◆ **WHAT THE TASK ASKS**: The listing below is to be copied exactly, with pictures excluded.

◆ **DATA SHOWN**:
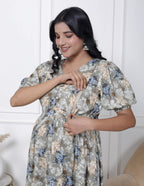 Regular Size Grey Floral Print Flared Maternity Gown-1400003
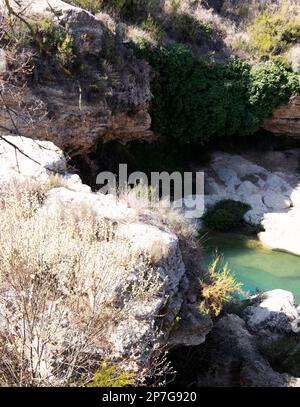 Il suggestivo paesaggio che forma la cascata del Salto del Utro, Murcia, Spagna Foto Stock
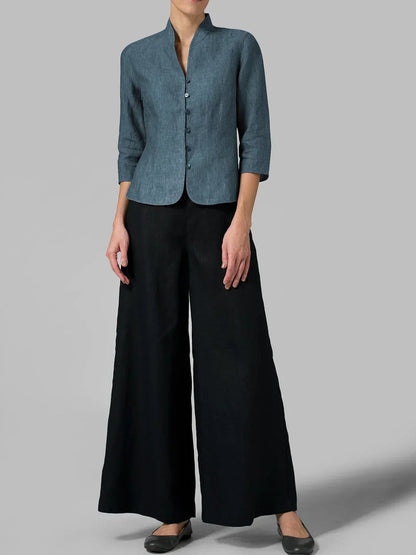 Brynna - Damenbluse erstklassiger Qualität mit Stehkragen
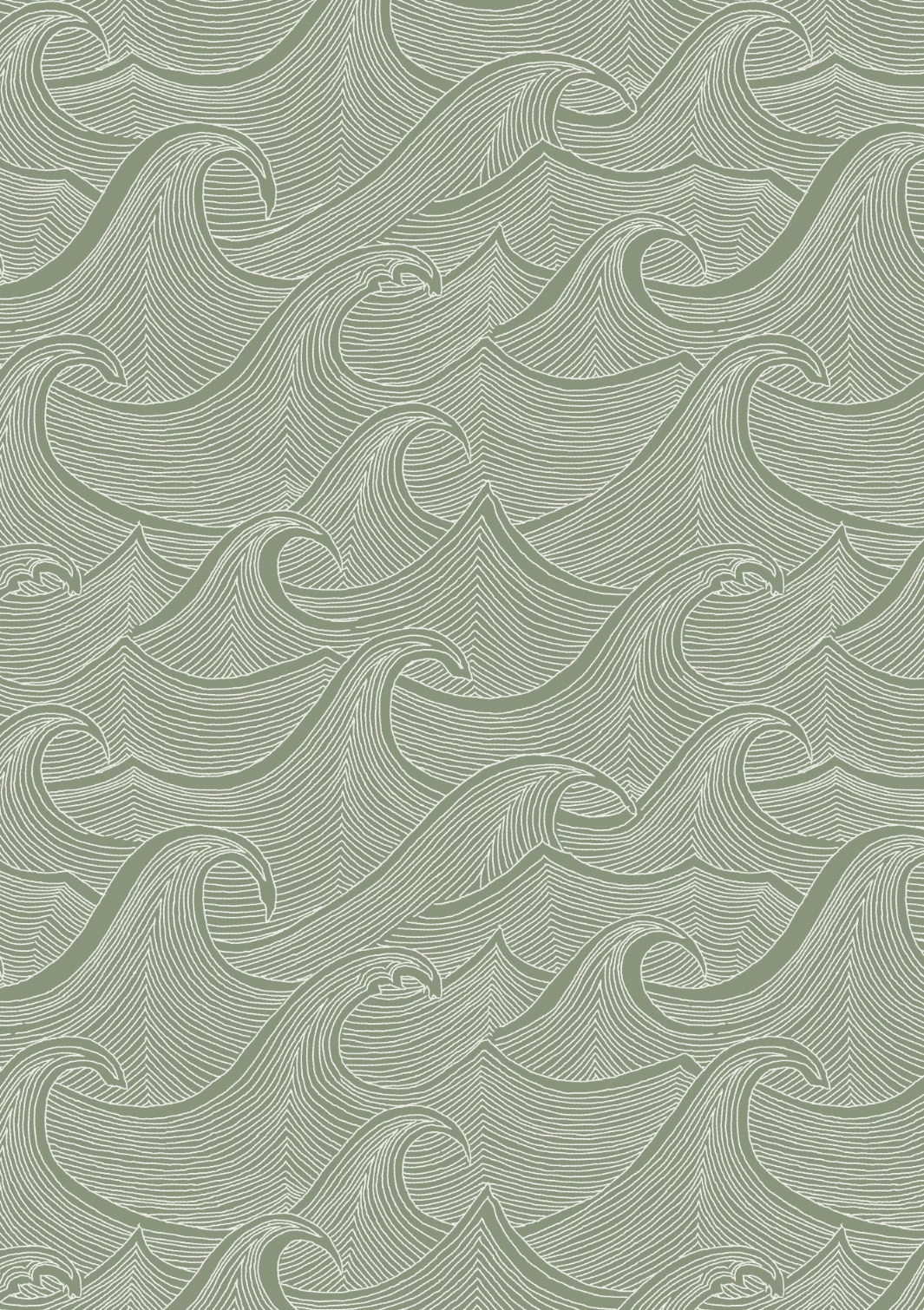 'Waves Two Tone' Wallpaper By Lingua Franca - Moss 4 'Waves Two Tone' Wallpaper By Lingua Franca - Moss - Image 2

◆ **RESULT OF THE TASK**:
 Regular Size Grey Floral Print Flared Maternity Gown-1400003
 Il suggestivo paesaggio che forma la cascata del Salto del Utro, Murcia, Spagna Foto Stock
 Brynna - Damenbluse erstklassiger Qualität mit Stehkragen
 'Waves Two Tone' Wallpaper By Lingua Franca - Moss 4 'Waves Two Tone' Wallpaper By Lingua Franca - Moss - Image 2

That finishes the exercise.